Task prompt: Reproduce the entries below exactly, but only from the line containing "YETPOW Bluetooth Noise" to the line containing "Голубое эрекционное виброкольцо", inclusive.

(Entries taken from a collection)
-- Opening Marker --

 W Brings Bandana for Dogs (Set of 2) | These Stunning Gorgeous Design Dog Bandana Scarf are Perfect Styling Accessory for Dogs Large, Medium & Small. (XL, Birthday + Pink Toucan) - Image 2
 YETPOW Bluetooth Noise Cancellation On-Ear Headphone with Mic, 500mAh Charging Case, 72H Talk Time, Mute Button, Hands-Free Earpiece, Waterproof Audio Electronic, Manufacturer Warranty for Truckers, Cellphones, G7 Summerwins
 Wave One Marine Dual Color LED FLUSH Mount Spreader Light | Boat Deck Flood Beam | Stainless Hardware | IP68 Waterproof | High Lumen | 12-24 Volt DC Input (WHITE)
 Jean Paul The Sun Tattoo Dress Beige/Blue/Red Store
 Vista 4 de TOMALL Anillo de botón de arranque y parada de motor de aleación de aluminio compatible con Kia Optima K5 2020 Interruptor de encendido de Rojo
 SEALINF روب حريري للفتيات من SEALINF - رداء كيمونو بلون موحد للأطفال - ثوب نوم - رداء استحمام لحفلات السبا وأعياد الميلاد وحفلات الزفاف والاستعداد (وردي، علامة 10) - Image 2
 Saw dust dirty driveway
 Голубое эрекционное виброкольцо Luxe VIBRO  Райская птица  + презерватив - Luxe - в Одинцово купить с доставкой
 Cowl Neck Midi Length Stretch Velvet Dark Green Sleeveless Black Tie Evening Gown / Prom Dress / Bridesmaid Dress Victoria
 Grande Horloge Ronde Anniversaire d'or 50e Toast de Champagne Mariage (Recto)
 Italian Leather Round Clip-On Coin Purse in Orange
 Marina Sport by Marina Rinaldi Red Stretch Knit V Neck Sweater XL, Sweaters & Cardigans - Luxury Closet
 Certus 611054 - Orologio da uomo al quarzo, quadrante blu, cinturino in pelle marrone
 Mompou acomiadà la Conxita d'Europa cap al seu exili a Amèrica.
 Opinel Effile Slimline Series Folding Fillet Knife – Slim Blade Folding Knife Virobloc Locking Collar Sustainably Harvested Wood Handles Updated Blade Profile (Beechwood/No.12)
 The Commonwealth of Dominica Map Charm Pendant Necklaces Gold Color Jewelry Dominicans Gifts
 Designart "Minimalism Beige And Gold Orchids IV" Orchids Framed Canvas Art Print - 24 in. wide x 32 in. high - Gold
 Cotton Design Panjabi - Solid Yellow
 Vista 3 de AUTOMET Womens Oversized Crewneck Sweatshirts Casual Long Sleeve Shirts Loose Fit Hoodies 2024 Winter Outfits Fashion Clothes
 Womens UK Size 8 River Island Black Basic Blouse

-- Closing Marker --

Output of the task:
 YETPOW Bluetooth Noise Cancellation On-Ear Headphone with Mic, 500mAh Charging Case, 72H Talk Time, Mute Button, Hands-Free Earpiece, Waterproof Audio Electronic, Manufacturer Warranty for Truckers, Cellphones, G7 Summerwins
 Wave One Marine Dual Color LED FLUSH Mount Spreader Light | Boat Deck Flood Beam | Stainless Hardware | IP68 Waterproof | High Lumen | 12-24 Volt DC Input (WHITE)
 Jean Paul The Sun Tattoo Dress Beige/Blue/Red Store
 Vista 4 de TOMALL Anillo de botón de arranque y parada de motor de aleación de aluminio compatible con Kia Optima K5 2020 Interruptor de encendido de Rojo
 SEALINF روب حريري للفتيات من SEALINF - رداء كيمونو بلون موحد للأطفال - ثوب نوم - رداء استحمام لحفلات السبا وأعياد الميلاد وحفلات الزفاف والاستعداد (وردي، علامة 10) - Image 2
 Saw dust dirty driveway
 Голубое эрекционное виброкольцо Luxe VIBRO  Райская птица  + презерватив - Luxe - в Одинцово купить с доставкой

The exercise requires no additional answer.